Work item
Your copy should match the entries exactly, with no images carried over.

[Stored dataset items]
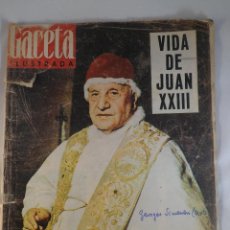 Coleccionismo de Revista Gaceta Ilustrada: REVISTA GACETA ILUSTRADA Nº 348 .8 JUNIO 1963. VIDA DE JUAN XIII. Lote 55364373
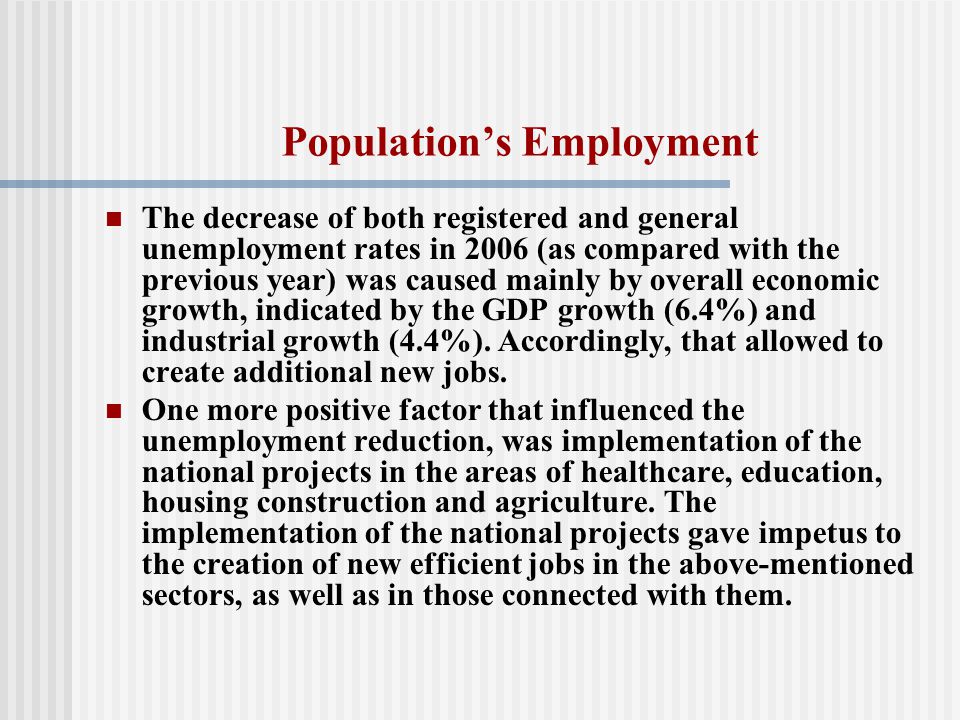 Population’s Employment The decrease of both registered and general unemployment rates in 2006 (as compared with the previous year) was caused mainly by overall economic growth, indicated by the GDP growth (6.4%) and industrial growth (4.4%).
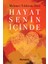 Hayat Senin İçinde - Mehmet Yıldırım Özel 1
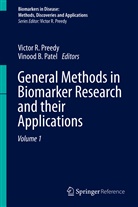 Victor R. Preedy, B Patel, B Patel, Vinood B. Patel, Victor R Preedy, Victor R. Preedy... - General Methods in Biomarker Research and their Applications, 2 Volumes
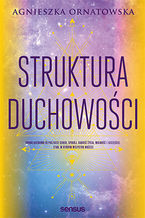 Okładka - Struktura duchowości - Agnieszka Ornatowska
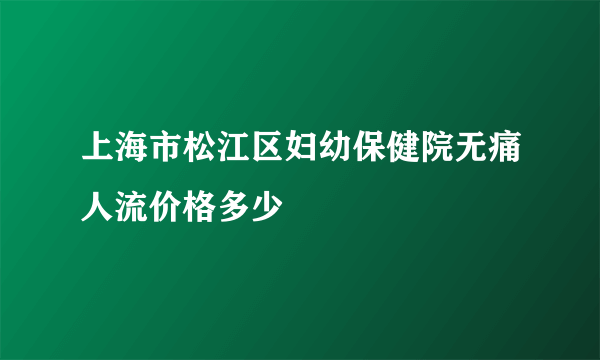 上海市松江区妇幼保健院无痛人流价格多少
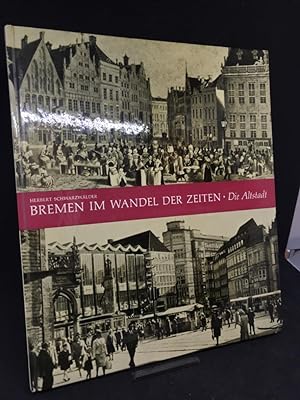 Bremen im Wandel der Zeiten. Die Altstadt.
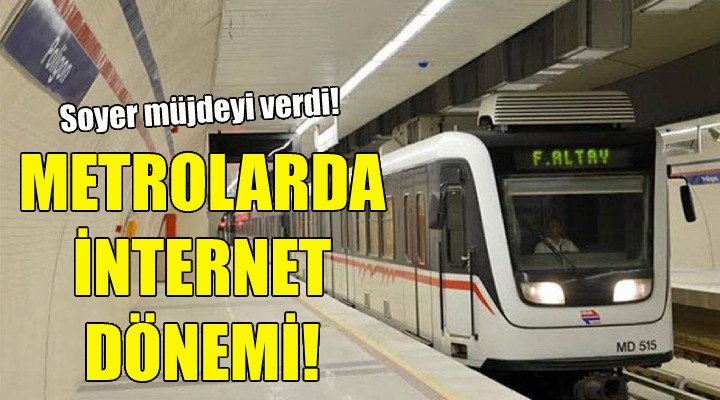 Metrolarda internet dönemi!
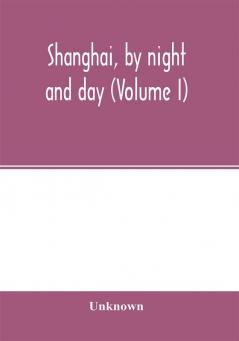 Shanghai by night and day (Volume I)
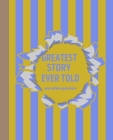 Greatest Story Ever Told Cover Image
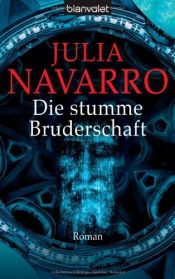 book cover of Die stumme Bruderschaft by Julia Navarro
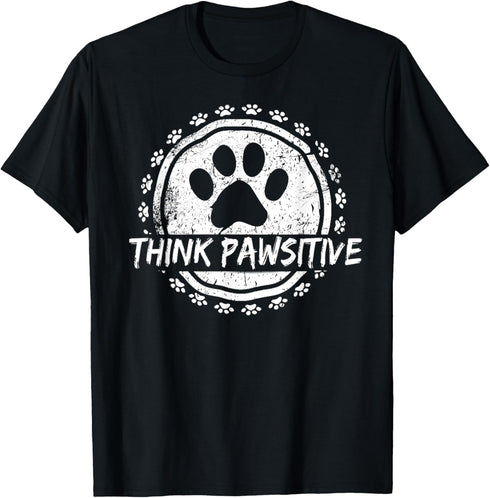 Dog Paw Print Pawsitive Pet Lover T-Shirt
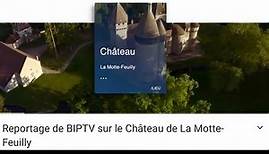 Reportage de BIPTV sur le Château de La Motte-Feuilly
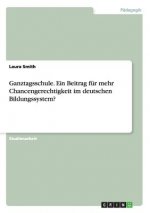 Ganztagsschule. Ein Beitrag fur mehr Chancengerechtigkeit im deutschen Bildungssystem?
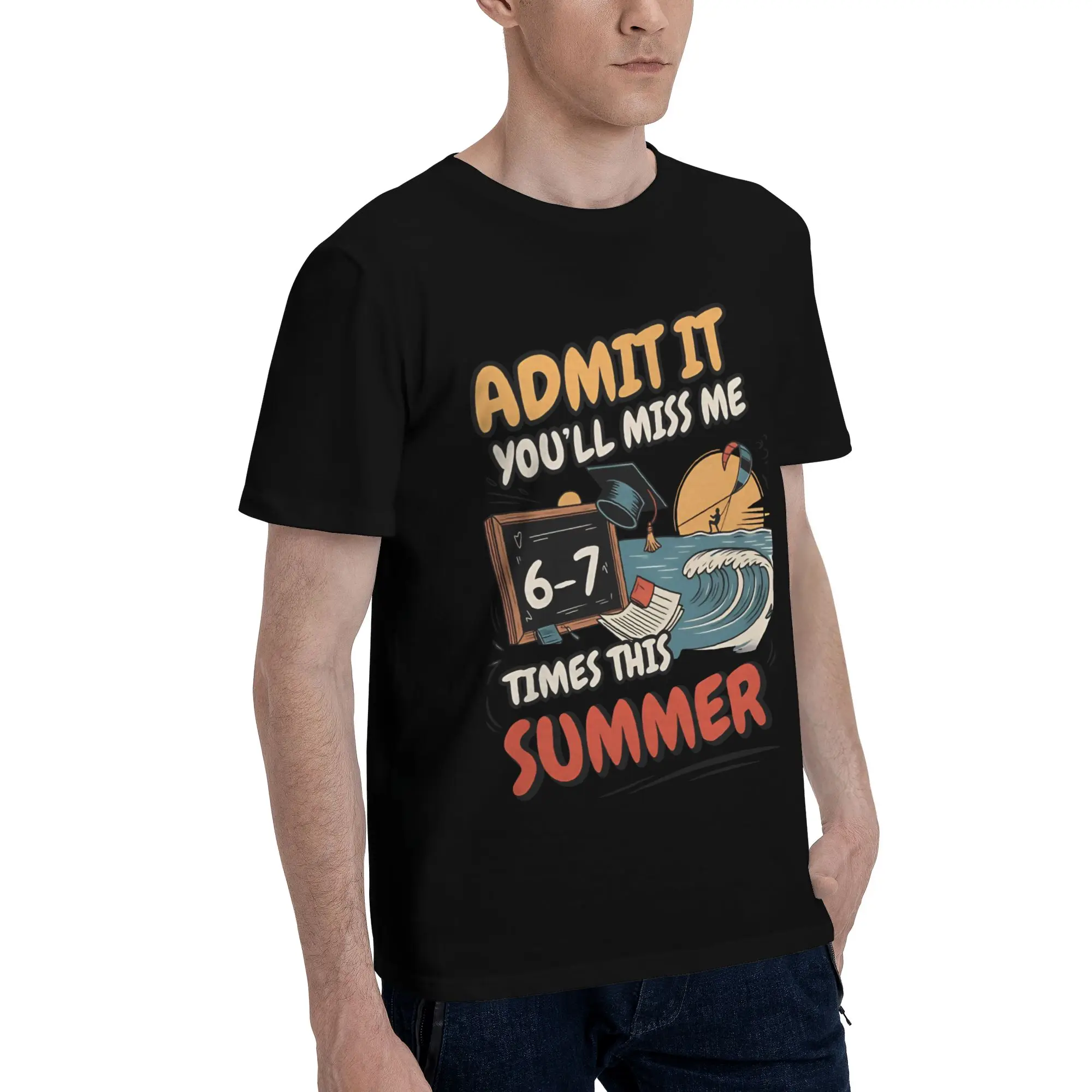 Admit It You'll Miss Me 6-7 Times This Summer  Accessories Men Women T Shirt Pure Cotton Tee Graphic  Tops T-shirt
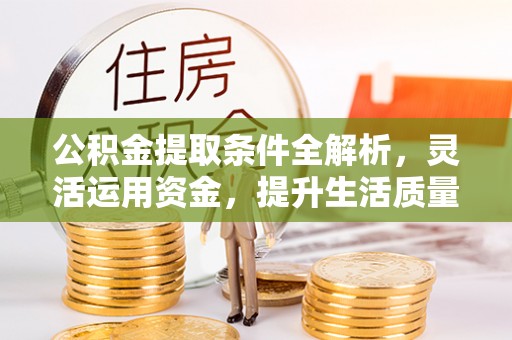 湛河公积金提取条件全解析，灵活运用资金，提升生活质量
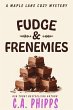 Fudge and Frenemies (Maple Lane... - Bild 1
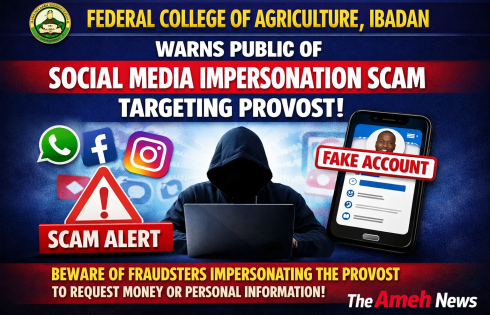 Federal College of Agriculture, Ibadan Warns Public of Social Media Impersonation Scam Targeting Provost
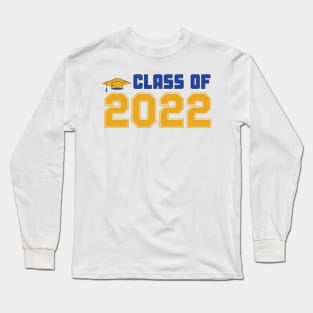 CLASS OF 2022 Long Sleeve T-Shirt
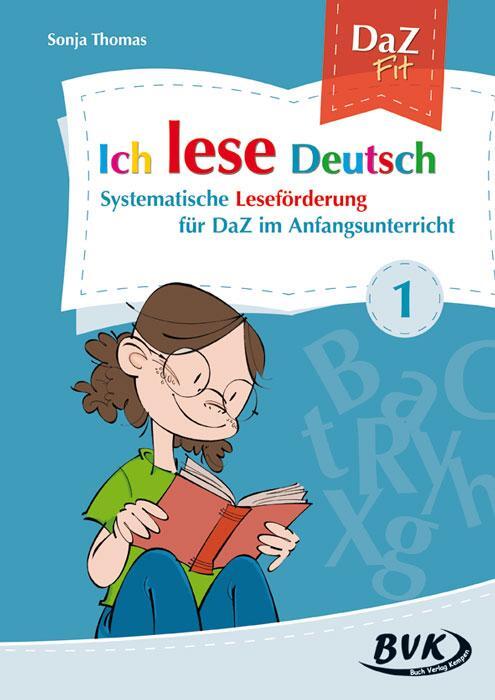 Cover: 9783867405898 | Ich lese Deutsch Band 1 | Sonja Thomas | Broschüre | 24 S. | Deutsch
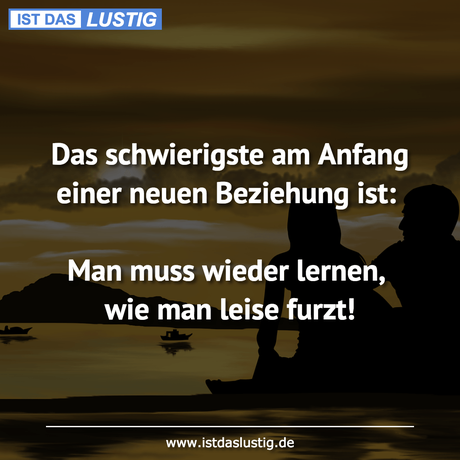 Lustiger BilderSpruch - Das schwierigste am Anfang einer neuen...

Task result
 Coleccionismo de Revista Gaceta Ilustrada: REVISTA GACETA ILUSTRADA Nº 348 .8 JUNIO 1963. VIDA DE JUAN XIII. Lote 55364373
 Population’s Employment The decrease of both registered and general unemployment rates in 2006 (as compared with the previous year) was caused mainly by overall economic growth, indicated by the GDP growth (6.4%) and industrial growth (4.4%).
 Hayat Senin İçinde - Mehmet Yıldırım Özel 1
 Victor R. Preedy, B Patel, B Patel, Vinood B. Patel, Victor R Preedy, Victor R. Preedy... - General Methods in Biomarker Research and their Applications, 2 Volumes
 Okładka - Struktura duchowości - Agnieszka Ornatowska
 上海市松江区妇幼保健院无痛人流价格多少
 Bremen im Wandel der Zeiten. Die Altstadt.
 Metrolarda internet dönemi!
 Shanghai by night and day (Volume I)
 Greatest Story Ever Told Cover Image
 book cover of Die stumme Bruderschaft by Julia Navarro
 Dog Paw Print Pawsitive Pet Lover T-Shirt
 Reportage de BIPTV sur le Château de La Motte-Feuilly
 Ganztagsschule. Ein Beitrag fur mehr Chancengerechtigkeit im deutschen Bildungssystem?
 Admit It You'll Miss Me 6-7 Times This Summer  Accessories Men Women T Shirt Pure Cotton Tee Graphic  Tops T-shirt
 湛河公积金提取条件全解析，灵活运用资金，提升生活质量
 Fudge and Frenemies (Maple Lane... - Bild 1
 Federal College of Agriculture, Ibadan Warns Public of Social Media Impersonation Scam Targeting Provost
 CLASS OF 2022 Long Sleeve T-Shirt
 Cover: 9783867405898 | Ich lese Deutsch Band 1 | Sonja Thomas | Broschüre | 24 S. | Deutsch
 Lustiger BilderSpruch - Das schwierigste am Anfang einer neuen...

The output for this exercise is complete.